The Democratic committee previously had returned a $250,000 donation after The Times found that it came from a South Korean company, rather than the firm’s U.S. subsidiary. Foreign corporations are barred from contributing to U.S. election campaigns.

Gandhi now also faces an inquiry into his tax-exempt foundation’s finances in California. California Assistant Atty. Gen. Carole Ritts Kornblum said that, as a result of inquiries by The Times, the state’s Charitable Trust Section is opening an audit of the foundation’s revenue and spending for the last five years to determine whether it spent money in ways that were “not consistent with its charitable purpose.”

The state will seek restitution if it determines that any funds were used for other purposes, she said.
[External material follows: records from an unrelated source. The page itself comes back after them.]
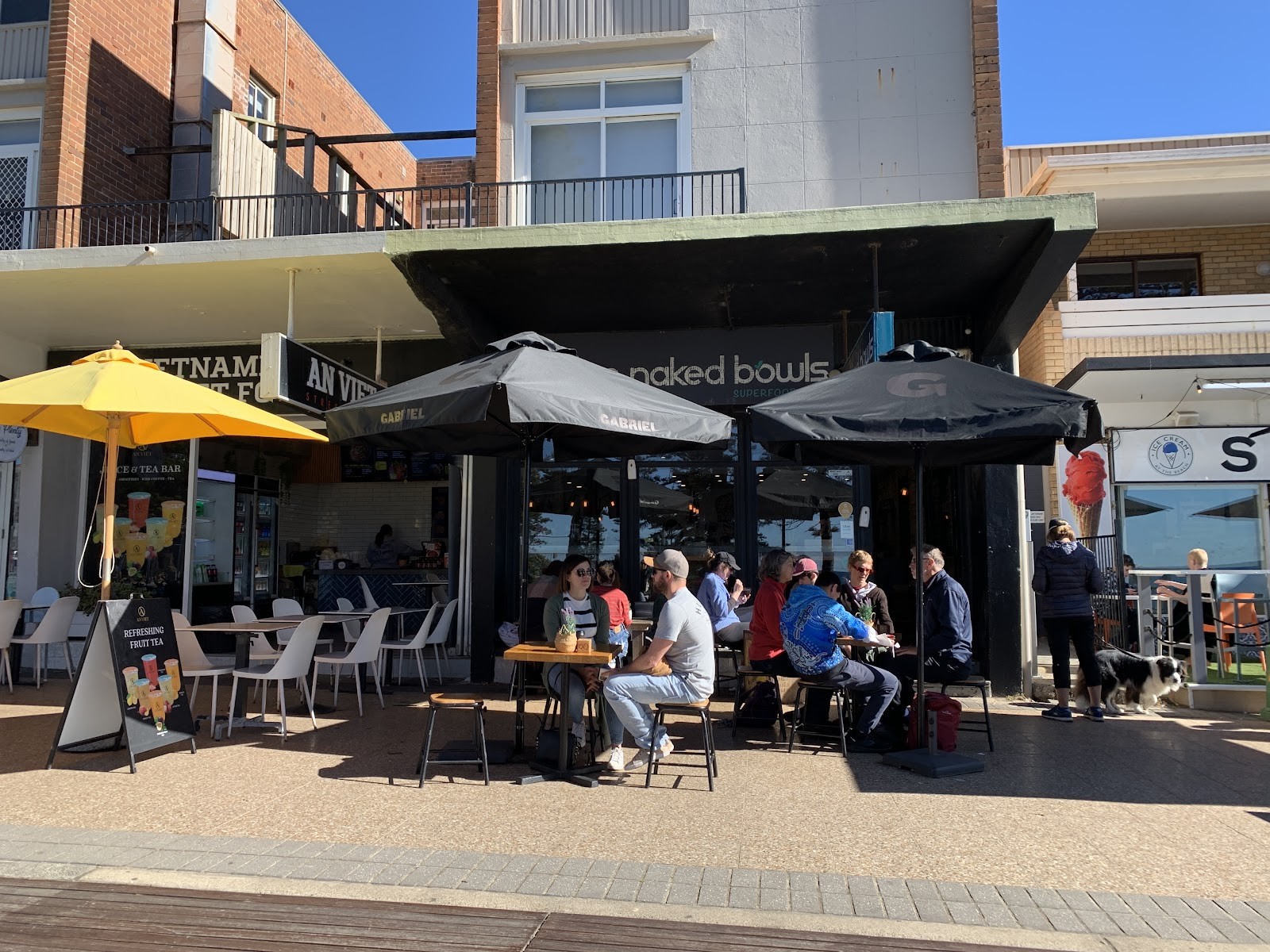Bare Naked Bowls Dee Why: the place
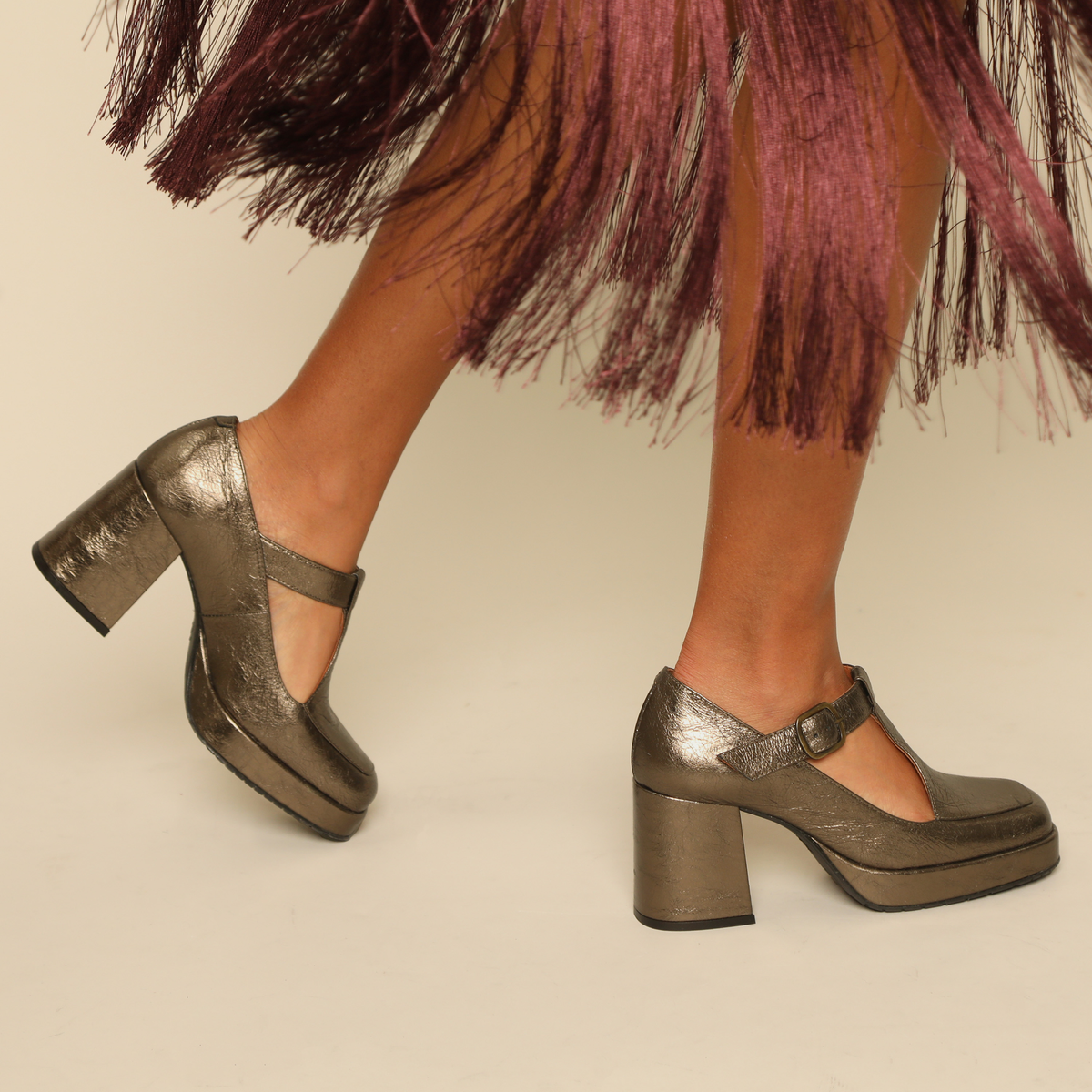 Saffron Metallic Smoke Mid Shoe by Esska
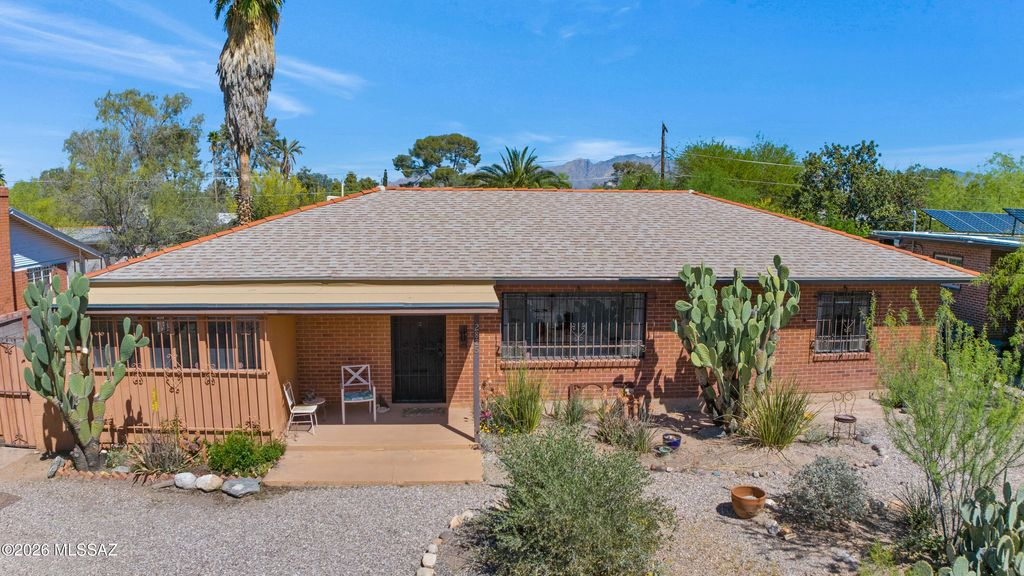 2825 E Arroyo Chico, Tucson, AZ 85716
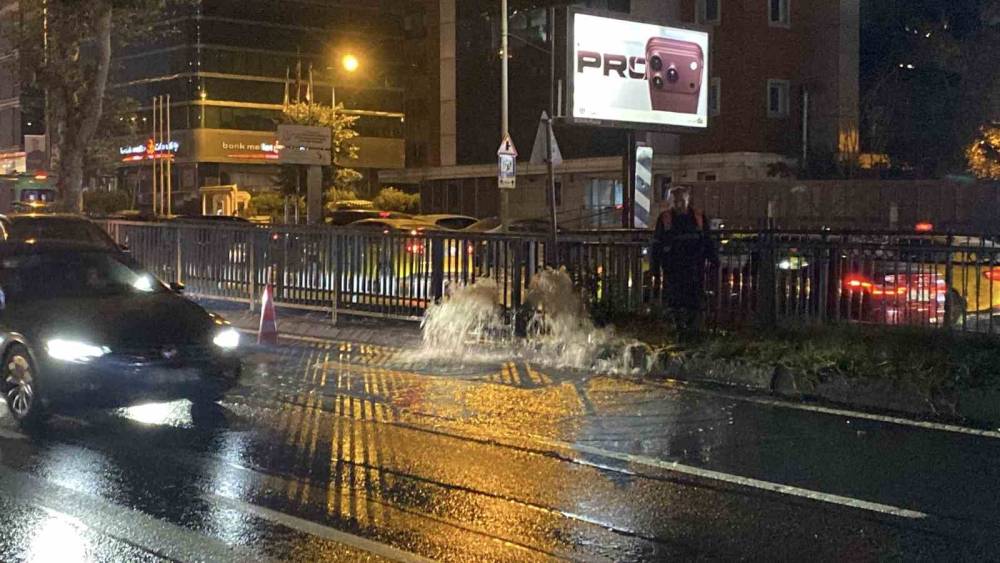 Beşiktaş Zincirlikuyu alt ge&ccedil;idini su bastı, B&uuml;y&uuml;kdere Caddesi g&ouml;le d&ouml;nd&uuml;
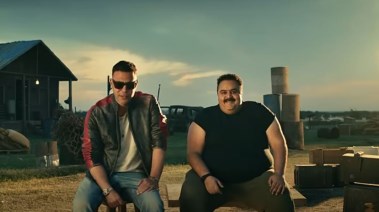 محمد إمام وشيكو من فيلم صقر وكناريا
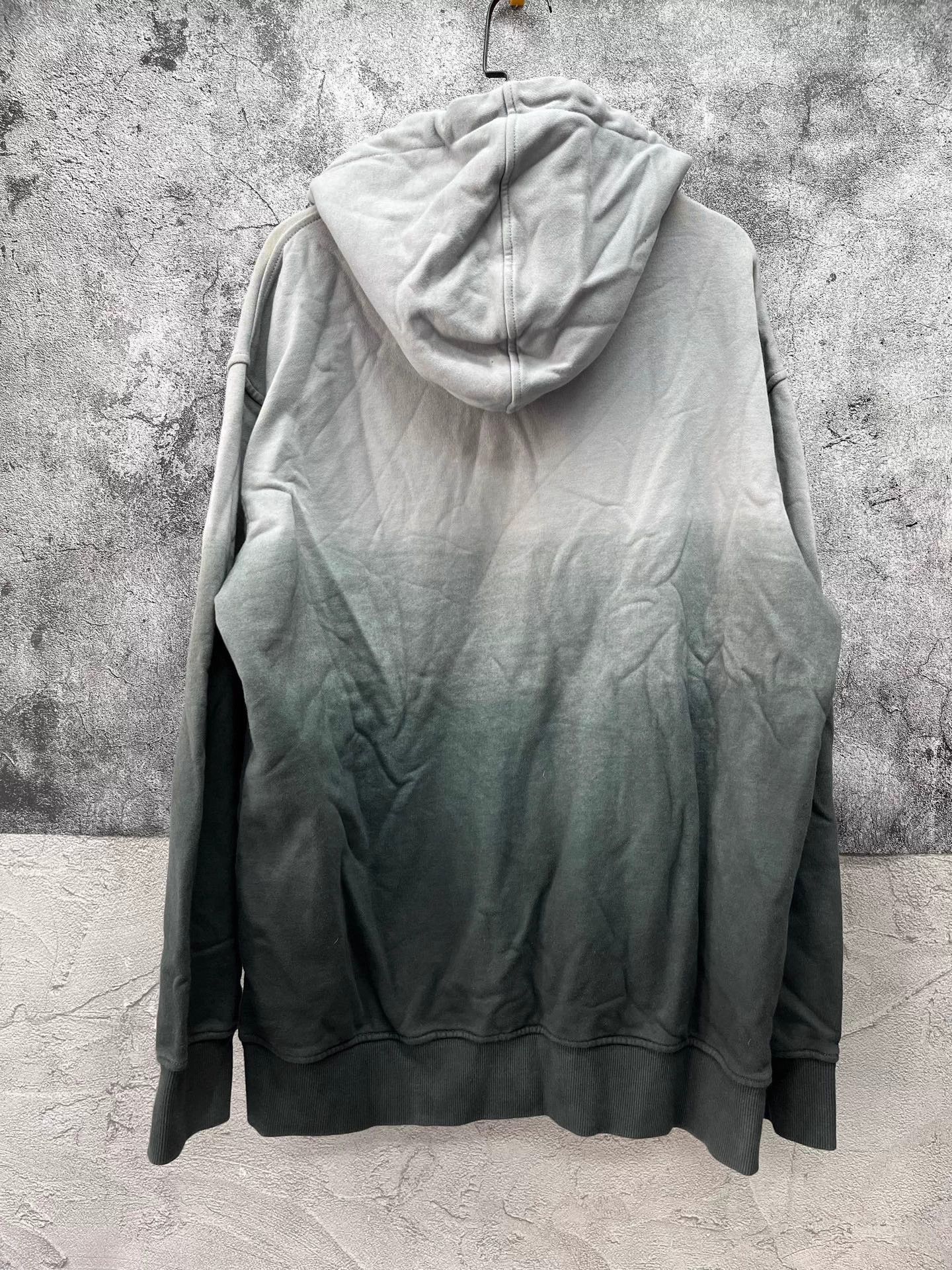 Sophnet. Sophnet gradient hoodie Size S Size US S / EU 44-46 / 1 - 2 Thumbnail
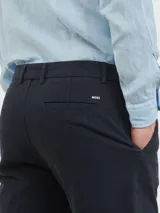 Bermudas de corte regular marca BOSS modelo Kane, color azul oscuro. Confeccionadas en tejido de algodón elástico, presentan un diseño clásico tipo chino con bolsillos laterales y cierre frontal con botón y cremallera.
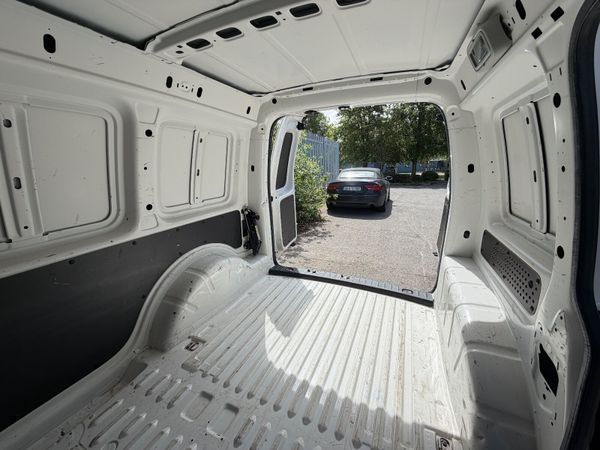 VW Caddy Low Km, very clean PRICES INCLUDES VAT 389384692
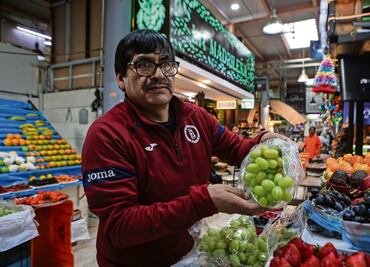 Para el brindis de Año Nuevo, sube el precio de uvas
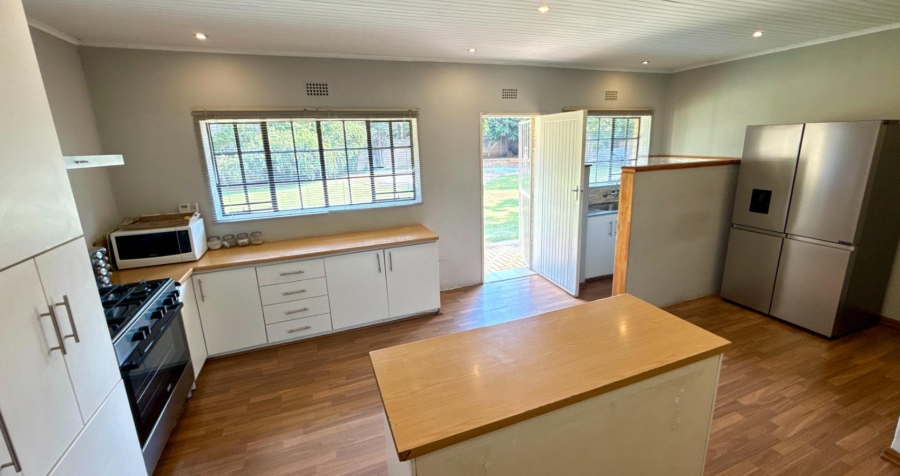 4 Bedroom Property for Sale in Brackenhurst Gauteng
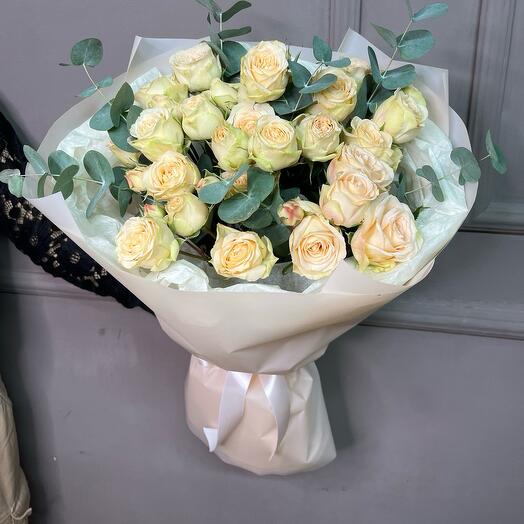 Роза кустовая персиковая  с эвкалиптом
The foundation has not submitted required annual financial statements to the state since 1991.

The Gandhi foundation was founded in 1984 to “promote the memory and principles” of the legendary Indian leader, according to its incorporation papers.

Its accomplishments appear primarily to have been raising money to place statues of Mohandas Gandhi in various cities and dispensing the Gandhi peace award to such famous recipients as Mother Teresa, Ronald Reagan and Mikhail S. Gorbachev as well as to Fukunaga and other less universally esteemed individuals with whom Yogesh Gandhi was associated.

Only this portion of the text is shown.